### [TRY IT]
Starting from the line with "Galpão/Depósito/Armazém para alugar, 270m²", please copy exactly every line to the end of the listing, but not the pictures.

### [INFORMATION SUPPLIED]
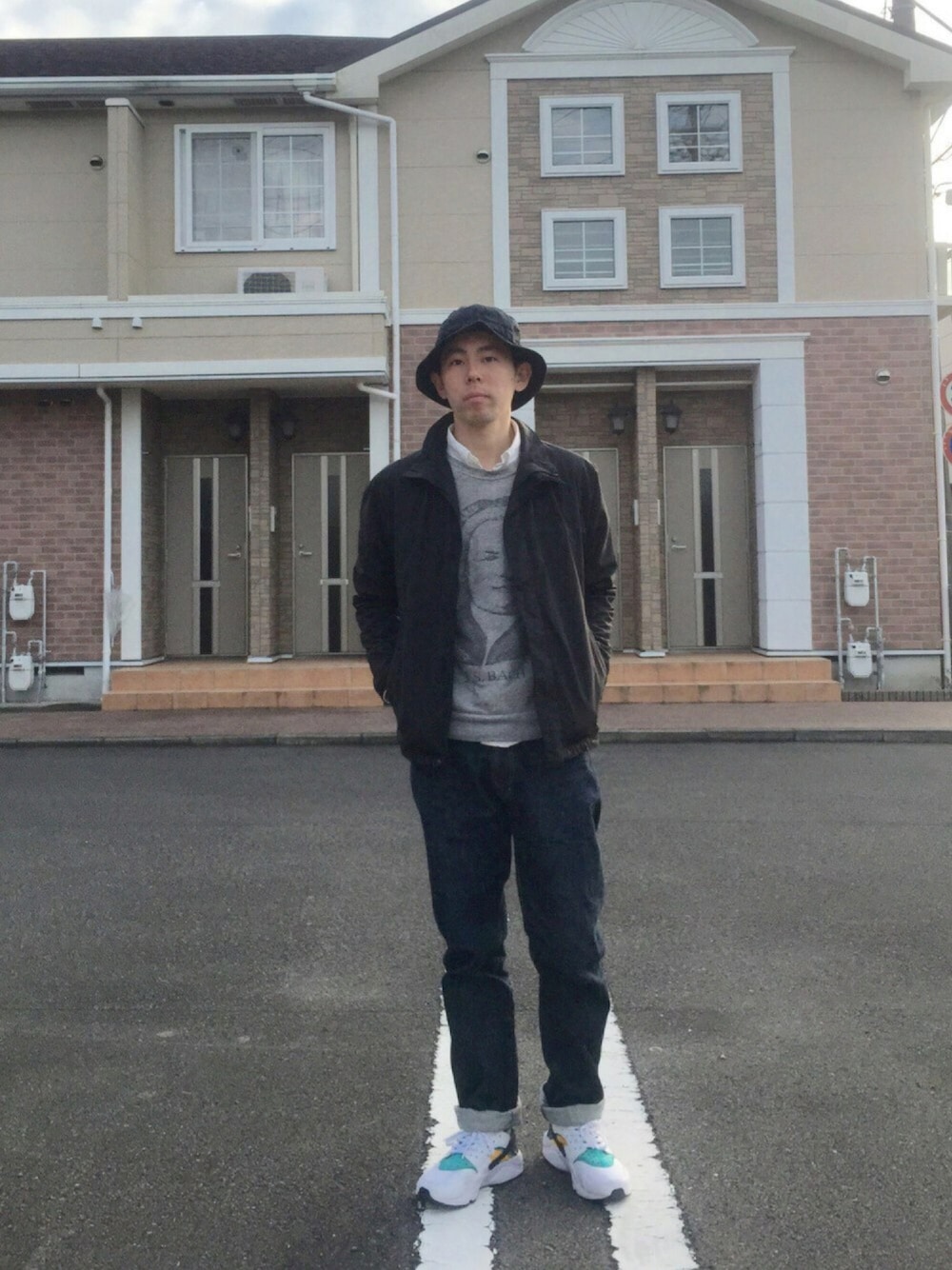 「デニム、古着MIX、エアハラチ、バッハ、花粉症、パパコーデ、公園、GOODENOUGH、THE NORTH FACE」｜「GOODENOUGHのアイテム（ハット、ブラック系）」を使った、Heroさん（メンズ・173cm）の冬コーディネートの1枚目の写真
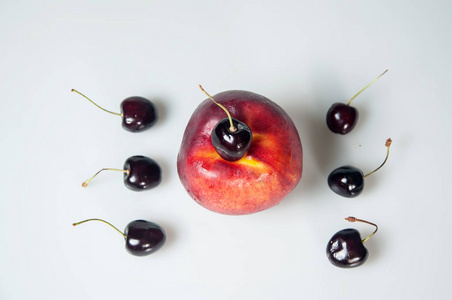 Compisition 在白色背景与果子。桃和 cherrys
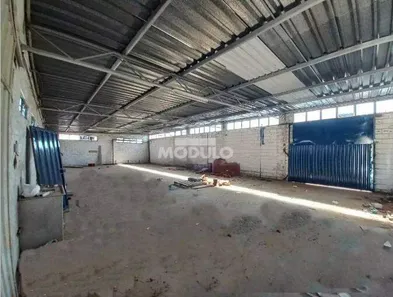 Galpão/Depósito/Armazém para alugar, 270m² no Umuarama, Uberlândia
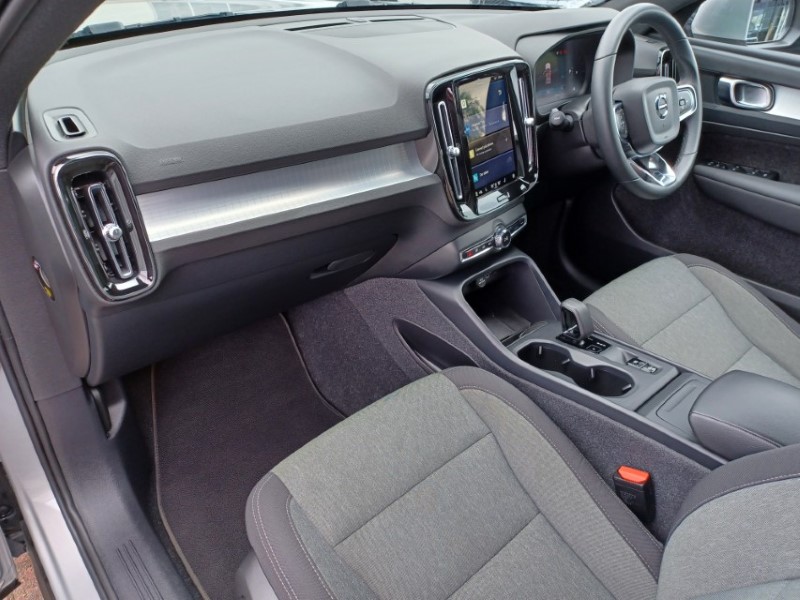 2023 (73) VOLVO XC40 2.0 B3P Core 5dr Auto 5374493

### [TASK SOLUTION]
 Galpão/Depósito/Armazém para alugar, 270m² no Umuarama, Uberlândia
 2023 (73) VOLVO XC40 2.0 B3P Core 5dr Auto 5374493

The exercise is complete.